It is as unjust for the penal system to let the guilty white guy walk after five years as it is for them to execute the black innocent man, and seemingly as objectionable to the Lord. The State is expected to do its best to do what God has said.

Acknowledging the inevitability of miscarriages of justice should not be construed as approval, nor is it presented as an argument for apathy or neglect on our part of addressing these wrongs—but capital punishment itself is not a wrong, and is not to be opposed, per se.

It is what God commanded, and if we alter God's code, as I said above, we are left to choose one of strictly human origin—which is tantamount to departing from a code that is perfectly just (the only standard by which governments are entitled to rule) to one that is less just.

You wrote:
"Should the community of Christians support the death penalty, especially when it is applied disproportionately between ethnic groups and between income brackets? If it is justice that people are looking for and affirming, justice as the basic premise for support of the death penalty in this country, then the death penalty cannot be supported because it is not administered justly."

I think it would be possible to make as good an argument for abolition of traffic fines because I know of a few cases where traffic tickets were not issued fairly.

I don't see it quite that way.
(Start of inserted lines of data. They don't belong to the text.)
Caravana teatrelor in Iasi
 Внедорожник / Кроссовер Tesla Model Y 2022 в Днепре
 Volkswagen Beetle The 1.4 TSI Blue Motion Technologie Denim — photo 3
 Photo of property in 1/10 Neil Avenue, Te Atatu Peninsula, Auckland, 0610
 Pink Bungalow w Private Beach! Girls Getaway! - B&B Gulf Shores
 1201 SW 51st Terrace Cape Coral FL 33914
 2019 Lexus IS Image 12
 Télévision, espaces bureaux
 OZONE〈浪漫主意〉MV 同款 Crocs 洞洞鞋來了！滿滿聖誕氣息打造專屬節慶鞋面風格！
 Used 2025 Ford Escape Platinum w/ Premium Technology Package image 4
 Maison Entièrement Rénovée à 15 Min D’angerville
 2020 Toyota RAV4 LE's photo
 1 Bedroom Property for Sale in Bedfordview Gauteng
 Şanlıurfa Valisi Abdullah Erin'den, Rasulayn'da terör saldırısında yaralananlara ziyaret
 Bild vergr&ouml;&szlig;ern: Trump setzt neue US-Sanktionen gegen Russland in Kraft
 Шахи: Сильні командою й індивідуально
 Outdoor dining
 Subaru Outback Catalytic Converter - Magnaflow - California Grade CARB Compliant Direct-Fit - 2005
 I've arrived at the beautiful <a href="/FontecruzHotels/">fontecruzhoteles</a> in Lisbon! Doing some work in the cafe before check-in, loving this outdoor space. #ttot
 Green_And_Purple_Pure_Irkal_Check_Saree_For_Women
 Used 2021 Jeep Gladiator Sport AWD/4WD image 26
Christians should oppose the disproportionate application of legal penalties to different ethnic and economic categories, because this very practice is condemned in the very same law code that demands capital punishment (e.g. Exodus 23:3, 6, 9). We should not oppose the practice of punishing criminals according to God's unambiguous commands.

You close with a personal question, to which I would like to give a personal answer. You wrote:

"Finally, what would you want if you were innocent of the crime that you were accused of, were a person of color, were poor, had your court-appointed attorney fall asleep in your trial, an attorney that had failed the bar exam several times, lost pertininet information that would help your case, and when convicted and given the death penalty found that the white guy in cell block D committed the same crime as you and got 8 years and will be paroled in 5. Would you roll over and take it and say that 'well, injustice happens, God gives the State a big thumbs up to murder me'."

These are serious questions, deserving serious, not a glib, answers. I will tell you how I believe a Christian in such circumstances should respond. I have reason to believe that I would respond in the manner that I am going to recommend, because about 75% of the suffering I have endured in my life (by my best estimate) was suffered innocently and unjustly, and I know what my characteristic reaction, as a Christian, has been.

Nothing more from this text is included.